Zal Yanovsky 1944-2002
10. 10. 2011 | Rubriky: Articles,Lives
[by Ken Hunt, London] The Lovin’ Spoonful was a band that, in the most cool of manners, took its name from a Mississippi John Hurt recording. They made a music that brought together jug band (skiffle) music, folk and folk-blues with an added pop into rock sensibility around 1966 when nobody knew exactly what was going on and definitely nobody knew where it was all going to go.
Born in Toronto on 19 December 1944, Zalman ‘Zal’ or ‘Zally’ Yanovsky (bottom left on the album sleeve in yellow and orange stripes, next to John Sebastian’s orange and white stripes) died days short of his 57th birthday on 13 December 2002. Arriving on the Eastern seaboard of Canada’s southern neighbour with a trio called the Halifax Three – its Halifax, Nova Scotia-born Dennis Doherty subsequently went on to well for himself in The Mamas and The Papas – Yanovsky made contacts that in New York found him and Doherty joining the Mugwumps. That group was name-checked in the Mamas And The Papas’ potted history of folk into rock, Creeque Alley – a baton of an autobiographical history that the Grateful Dead’s Truckin’ took up and ran with.

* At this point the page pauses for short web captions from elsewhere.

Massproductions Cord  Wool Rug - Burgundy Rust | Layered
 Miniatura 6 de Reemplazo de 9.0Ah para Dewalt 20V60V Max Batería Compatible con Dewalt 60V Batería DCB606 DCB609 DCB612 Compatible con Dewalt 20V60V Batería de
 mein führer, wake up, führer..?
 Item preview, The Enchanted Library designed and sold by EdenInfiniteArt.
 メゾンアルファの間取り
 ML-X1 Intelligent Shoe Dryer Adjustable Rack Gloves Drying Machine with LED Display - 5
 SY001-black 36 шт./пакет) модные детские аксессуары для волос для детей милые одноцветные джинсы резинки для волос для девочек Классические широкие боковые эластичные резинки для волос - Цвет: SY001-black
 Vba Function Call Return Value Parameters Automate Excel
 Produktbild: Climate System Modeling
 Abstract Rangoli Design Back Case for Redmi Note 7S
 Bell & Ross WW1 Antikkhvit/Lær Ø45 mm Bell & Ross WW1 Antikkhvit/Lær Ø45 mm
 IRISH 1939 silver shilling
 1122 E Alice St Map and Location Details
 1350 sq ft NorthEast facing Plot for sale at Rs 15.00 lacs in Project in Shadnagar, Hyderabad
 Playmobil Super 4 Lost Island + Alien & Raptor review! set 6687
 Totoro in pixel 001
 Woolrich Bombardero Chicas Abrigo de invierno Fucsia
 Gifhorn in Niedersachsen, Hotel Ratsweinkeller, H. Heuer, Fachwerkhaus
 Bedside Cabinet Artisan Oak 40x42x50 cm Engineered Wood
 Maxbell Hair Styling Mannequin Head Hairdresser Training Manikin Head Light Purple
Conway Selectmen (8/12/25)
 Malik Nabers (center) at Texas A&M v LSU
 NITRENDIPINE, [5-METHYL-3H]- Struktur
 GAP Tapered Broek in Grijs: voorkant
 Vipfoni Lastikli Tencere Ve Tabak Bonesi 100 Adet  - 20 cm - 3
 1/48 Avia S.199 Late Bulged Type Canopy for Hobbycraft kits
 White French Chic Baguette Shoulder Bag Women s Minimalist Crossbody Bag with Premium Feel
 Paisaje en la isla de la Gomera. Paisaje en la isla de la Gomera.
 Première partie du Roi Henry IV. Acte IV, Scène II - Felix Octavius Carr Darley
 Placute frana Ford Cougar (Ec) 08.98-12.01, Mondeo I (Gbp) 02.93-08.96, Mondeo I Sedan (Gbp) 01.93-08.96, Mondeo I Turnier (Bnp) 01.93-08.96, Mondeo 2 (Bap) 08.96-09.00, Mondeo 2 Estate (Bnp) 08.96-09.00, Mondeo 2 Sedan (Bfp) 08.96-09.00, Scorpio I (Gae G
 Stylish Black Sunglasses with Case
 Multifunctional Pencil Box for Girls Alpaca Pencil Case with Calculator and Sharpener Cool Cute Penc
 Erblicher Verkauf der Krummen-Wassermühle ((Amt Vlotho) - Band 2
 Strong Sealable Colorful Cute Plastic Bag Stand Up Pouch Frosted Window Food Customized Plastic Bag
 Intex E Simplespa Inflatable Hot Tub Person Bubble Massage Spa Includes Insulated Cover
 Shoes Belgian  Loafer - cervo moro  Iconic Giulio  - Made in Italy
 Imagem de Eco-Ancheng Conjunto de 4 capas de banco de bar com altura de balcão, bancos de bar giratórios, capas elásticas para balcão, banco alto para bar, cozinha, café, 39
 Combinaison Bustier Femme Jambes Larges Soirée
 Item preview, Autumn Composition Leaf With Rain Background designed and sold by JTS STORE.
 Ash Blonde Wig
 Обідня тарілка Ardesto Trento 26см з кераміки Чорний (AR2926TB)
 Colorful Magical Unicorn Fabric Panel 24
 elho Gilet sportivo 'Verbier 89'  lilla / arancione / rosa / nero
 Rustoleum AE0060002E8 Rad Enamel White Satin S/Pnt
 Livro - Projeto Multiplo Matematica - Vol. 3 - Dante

“The Mugwumps didn’t make many records,” wrote Michelle Phillips in her autobiography, California Dreaming – The True Story of The Mamas And The Papas (1998), “but they became legendary after they had broken up. They were a cult after the event.” Keeping careful-with-the-‘legendary’-axe, St. Eugene (British Columbia) business the crowd’s comings and goings enabled them to be a backbone of a Pete Frame rock family tree.
Yanovsky joined the Lovin’ Spoonful and became intrinsic to its succession of local, then national, then international hits. Those hits included Do You Believe In Magic, Daydream and Summer In The City. Those songs were as other and distinctive as anything that the Rolling Stones, The Kinks or the Small Faces were releasing in Britain. They shone out.
Everything was going so well… Then in 1966 with Summer In The City roaring up the charts internationally, Yanovsky and Steve Boone found themselves in a bit of a quandary. They got busted in San Francisco for possession of marijuana – it was still illegal in California back then. (May still be.)
Pressure was applied. Fearful of visa problems, they sang. “The episode,” observed Joel Selvin in Summer of Love (1994), “finished the Spoonful in underground circles.” Back then even if we didn’t know the exact detail, there was enough scurrilous stuff flying around to glean that all was not right in the state of the Spoonful. Mud stuck.
Post-Spoonful Yanovsky played with Kris Kristofferson – I saw him at the 1970 Isle of Wight Festival – and he made a cameo appearance in Paul Simon’s One Trick Pony (1980). At the time of his death, he was a restaurateur in Kingston, Ontario in a place wittily called Chez Piggy.